People who are infected without symptoms may only discover this when a blood or skin test is positive. Some may also have small nodules of residual infection within the lungs that can appear as tumors during a chest X-ray.
In those with symptoms, the disease is highly variable and can take from six months to one year to recover fully. Joint pain and fatigue can last even longer. Severity depends on general health status before infection and the number of spores inhaled. More spores mean more severe infection.
Chronic infection is most common in those with weakened immune systems who don’t fully recover. This complication is a form of chronic pneumonia that often alternates between periods of recovery and worsening symptoms. These can include cough, weight loss, low-grade fever, lung nodules, chest pain and blood in the sputum (mucous that is coughed up and out of the lungs).
Disseminated infection is the most serious form. It occurs when the fungus spreads outside the lungs to other areas of the body, such as the bones, brain, liver, heart, skin and meninges (coverings of the brain and spinal cord). Symptoms include painful, swollen joints; painful skull, spine or bone lesions; meningitis; and nodules, skin lesions and ulcers.
Most cases of valley fever are treated with bed rest and fluids. Careful monitoring by a physician is required so that prescription medication can be given to those who fail to improve after a reasonable amount of time or whose symptoms worsen.
For those who do require treatment, prescription antifungal medication (fluconazole, itraconazole) is the most commonly used. For the most severe cases, the IV antifungal amphotericin may be used.
These medications all carry some serious side effects that typically disappear after the medication is stopped. These can include allergic reaction, seizures, high cholesterol or triglycerides, insomnia, vertigo, low potassium, tremor, drowsiness and much more.
Now, you specifically asked whether valley fever or fluconazole are linked to hearing loss. Based on the above information, I don’t believe they are; however, because I live in New England, valley fever is not an issue for us, so I am fairly unfamiliar with it. If you are concerned, speak to your physician about it.

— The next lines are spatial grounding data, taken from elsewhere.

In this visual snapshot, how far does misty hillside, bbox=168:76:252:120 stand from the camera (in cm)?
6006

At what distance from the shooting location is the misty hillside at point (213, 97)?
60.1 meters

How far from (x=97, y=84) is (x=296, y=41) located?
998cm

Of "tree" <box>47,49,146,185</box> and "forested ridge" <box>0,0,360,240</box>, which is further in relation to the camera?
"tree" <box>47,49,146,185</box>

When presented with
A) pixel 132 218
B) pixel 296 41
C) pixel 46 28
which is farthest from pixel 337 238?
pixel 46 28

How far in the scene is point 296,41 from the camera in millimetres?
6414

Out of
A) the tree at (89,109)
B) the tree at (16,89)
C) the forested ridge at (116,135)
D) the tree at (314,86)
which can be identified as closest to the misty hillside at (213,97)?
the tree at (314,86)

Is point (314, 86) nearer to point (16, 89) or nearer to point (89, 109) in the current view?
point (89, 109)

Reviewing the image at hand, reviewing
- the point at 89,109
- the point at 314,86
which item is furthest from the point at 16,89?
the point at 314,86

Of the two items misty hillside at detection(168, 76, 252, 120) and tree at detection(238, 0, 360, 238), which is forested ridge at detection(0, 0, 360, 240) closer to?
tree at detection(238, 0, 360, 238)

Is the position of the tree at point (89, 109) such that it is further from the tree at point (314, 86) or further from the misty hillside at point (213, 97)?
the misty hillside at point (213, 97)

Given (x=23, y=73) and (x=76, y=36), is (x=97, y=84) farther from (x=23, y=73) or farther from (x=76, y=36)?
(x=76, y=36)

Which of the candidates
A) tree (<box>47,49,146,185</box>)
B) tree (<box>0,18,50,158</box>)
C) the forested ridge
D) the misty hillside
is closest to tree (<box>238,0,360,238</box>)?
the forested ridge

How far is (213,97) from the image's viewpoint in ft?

Because valley fever can become a chronic lung disorder, I am sending you copy of my Health Report “Pulmonary Disease.” Other readers who would like a copy should send a self-addressed stamped No. 10 envelope and a $2 check or money order to Newsletter, P.O. Box 167, Wickliffe, OH 44092. Be sure to mention the title or print an order form off my website at www.AskDrGottMD.com.

Dear Dr. Gott: I’ve noticed several over-the-counter medicines for ringing in the ears. Do any really work?

Dear Reader: I recommend you see a physician or otolaryngologist first to make sure there is no discharge, pain, underlying cause or other undiagnosed reason for your condition. Perhaps you are on a medication with tinnitus as a side effect. Should this be the case, a simple modification of the drug strength or brand might be in order. If nothing is found, there are a number of OTCs you might consider, including Lipo-Flavonoid, lignocaine, melatonin, setraline, botulinum toxin and others. Herbals include ginko biloba, vincamine extracted from periwinkle, or sesame seeds. The herbs mentioned are purported to increase the flow of blood to the head and neck. Beyond that, I cannot guarantee you will find relief from OTCs, herbs or prescription drugs. When you speak with your physician, who knows your medical history, ask for a recommendation. Your pharmacist will also be an excellent resource in this regard.